Think about water for a minute. More than $500 billion every year is spent on water, and the secular trends are really attractive: Access to clean water is already a limit to economic growth from China to the American southwest, and there’s no good alternative – you can replace gasoline with ethanol but you can’t replace water with anything. But the average municipal water facility literally uses Victorian-era technology: coagulation and flocculation that add salts to the water. The facilities are frequently publicly administered, have almost no operating free cash flow to invest in new technologies, and replace their infrastructure on cycles measured in decades. And the qualification and test cycles for installing new equipment can themselves take years even with accelerated testing regimes! That’s about as far as you can get from, say, web-based software where channels to market aren’t an issue, you don’t have to manufacture anything, and switching costs are very low.
Energy segments aren’t immune. Take rooftop solar cells – the solar shingles that are the apotheosis of many a business plan. If you wanted to install solar roofs on only one out of ten new U.S. houses constructed – no retrofits and no commercial installations – and it took two guys one week to string one up and test it out, you’d need 8,000 installers working full-time. That’s more than twice most estimates of the total number of installers in the U.S. You wouldn’t encounter this channel construction problem in IT or biotech.5. What's the single biggest misperception about clean technologies that you'd like readers to gain a better understanding of by reading your report?
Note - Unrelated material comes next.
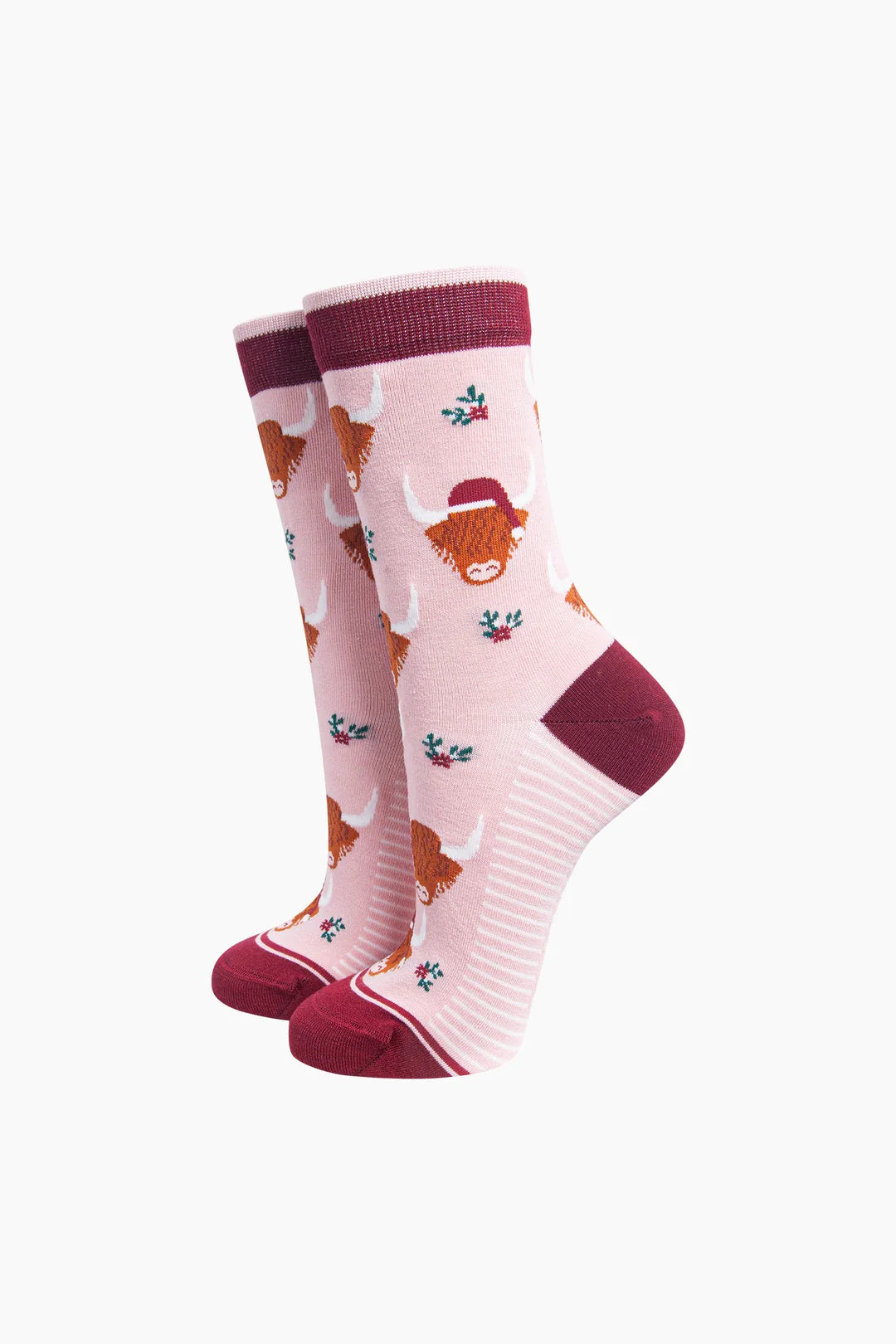 Pink Christmas Highland Cow Socks UK Size 3-7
I think we touched on it earlier – it’s the thesis that cleantech is the next Internet or the next biotech. From the perspective of public offerings, wealth creation, and impact on society, this may very well be the case. But the investment dynamics and times to market are really different.
While there are plenty of exceptions like demand response services, a great share of clean technologies derive from new materials. And no matter what past example you want to look at, be it carbon fiber or nanoclays or polyetheretherketone, new materials simply take a long time to develop, scale up, and bring to market – it typically takes 20 years to get from invention to first commercialization and 20 more to mass adoption. That’s a long time – a lot longer than a 10-year closed-ended fund.